Milwaukee has a similar problem as the Bosch, only in the opposite direction. Rather than having an issue with the higher powered reciprocating saws, Milwaukee finds itself struggling to produce a top quality, professional grade, low powered reciprocating, definitively giving Makita the crown.
While you might expect an absence from a somewhat difficult power tool category like a tile saw from Makita, the absence of a Milwaukee wet tile saw is positively perplexing. In fairness, they do offer some masonry saws, but that is not really the same.
Porter Cable is much like DeWalt in that it is both a legacy and a manufacturer that was once known as a producer of top quality professional grade power tools. Again, like DeWalt, Porter Cable lost its prominence after its quality slipped following a purchase by Black & Decker.

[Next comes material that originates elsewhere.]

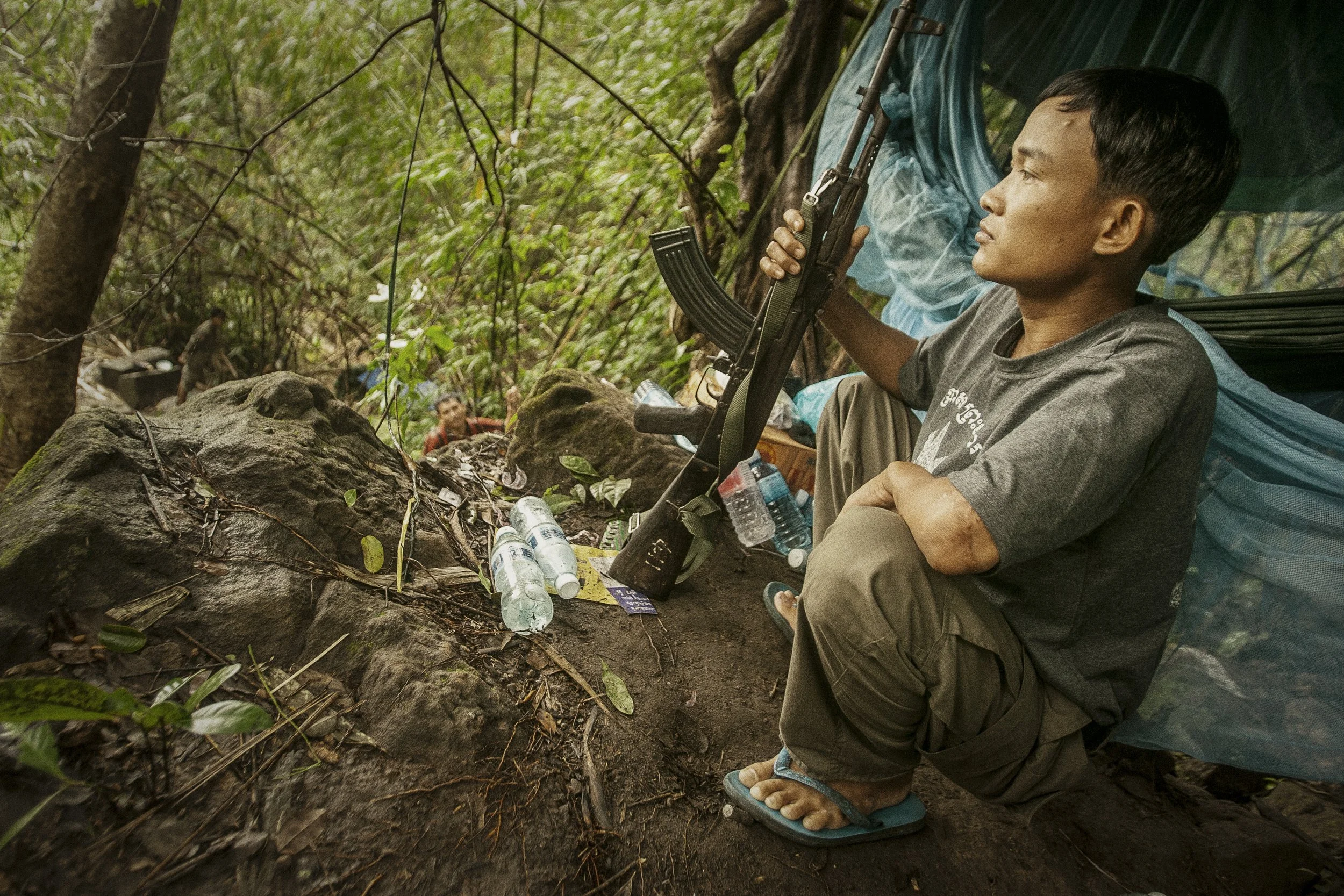 An RCAF soldier with his Soviet era AK-47 surveys the surrounding jungle from his small and isolated outpost on the mountainside.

Though it is not being marketed as Black & Decker’s professional grade line, Porter Cable is also trying to get back into the professional grade market with mixed results.

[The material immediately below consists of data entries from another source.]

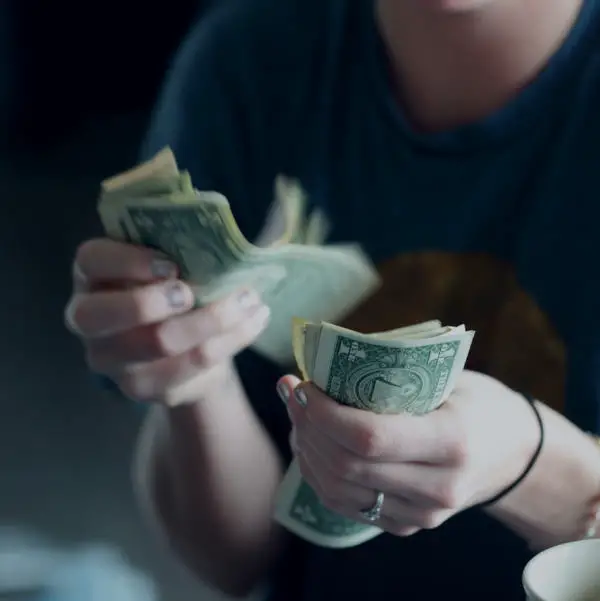 woman counting money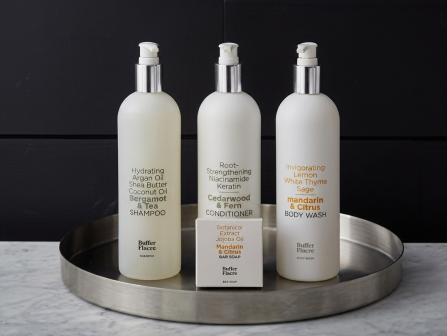 Three pump bottles for shampoo/body wash sit on a round tray, with a bar soap box in front against a dark wall.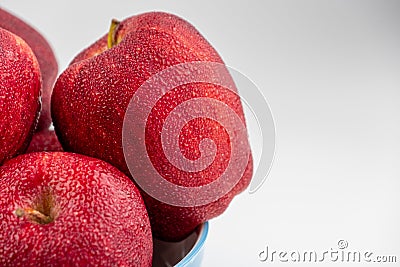 Pile of red appl with clear water drop on shell surface texture pattern isolated Stock Photo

If Porter Cable intends to reenter the professional grade power tool market, they really need to consider how many different types of tools within a given category are preferred rather simply producing a good quality version of the most popular ones. Still, their saws are solid.
Porter Cable should breathe a sigh of relief when they look back over their combo kits, because they are both reasonably priced and adequate quality--though some are better than others, depending on the tools included. However, it is the sheer wealth combo kits options available that truly stands out.

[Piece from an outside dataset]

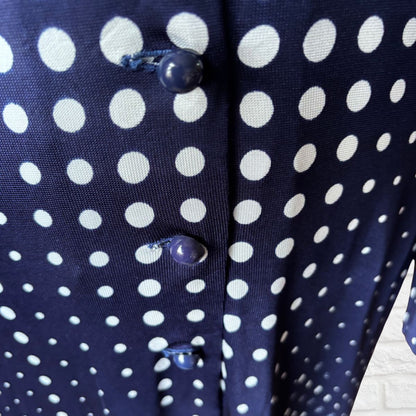 Navy blue fabric with white polka dots and buttons on a wooden surface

Porter Cable not only makes a splash in the professional grade drill market, it does a veritable cannonball as this is one of the few brands that produces top quality drills at reasonable prices in pretty much every category, whether cordless, corded, impact, or hammer.
The Porter Cable grinder market is somewhat limited, but true to form. The tools themselves are moderately priced but still pack a solid amount of power and durability. Moreover, while not as large as some manufacturers, there is plenty of variety to ensure that you get the grinder you need.
Porter Cable jigsaws are good but not great. They falter from some of the same issues the DeWalt does, though they are better priced. However, with a cutting action that is not as precise as you would want and a variety that is paltry, it is better to look elsewhere.
With Porter Cable trying to become a serious contender in the professional grade power tools market once again, this is a great product category for them to do it on. It is a good thing that they nailed the execution and produced a top quality product at a more than reasonable price.
Another comeback story that seeks to climb the ladder back into the professional grade power tool arena, Porter Cable offers plenty of value, though some of their models are a bit overpriced. Still, the cheaper end of their line provides excellent value.
While it may not be the most comfortable nor the most advanced reciprocating saw manufacturer, Porter Cable has done itself a favor and given a much needed boost towards its goal of entering the professional grade markets once again.
It is a shame that porter cable did not make a wet tile saw. Considering they focus more on effective action and strong, sealed housings, this seems like the perfect brand to take a crack at an undersaturated power tool category.
While Ridgid may not have ever dipped into the consumer grade market, neither was it ever fully considered professional grade. Instead, Ridgid has comfortably remained in between the two grades, skirting both price and quality. In fairness, the action and durability of Ridgid power tools is comparable with the top brands. However, Ridgid tools often have fewer features--even the truly meaningful ones--and are generally less ergonomic.
Ridgid’s combo kits leave a lot to be desired. First, they are more of a high-quality consumer grade power tool manufacturer but price their combo kits like a professional grade maker. However, one of the bigger issues is the quality of tools. Individually, they are adequate, but it seems like Ridgid uses the “irregular” ones for their combo kits.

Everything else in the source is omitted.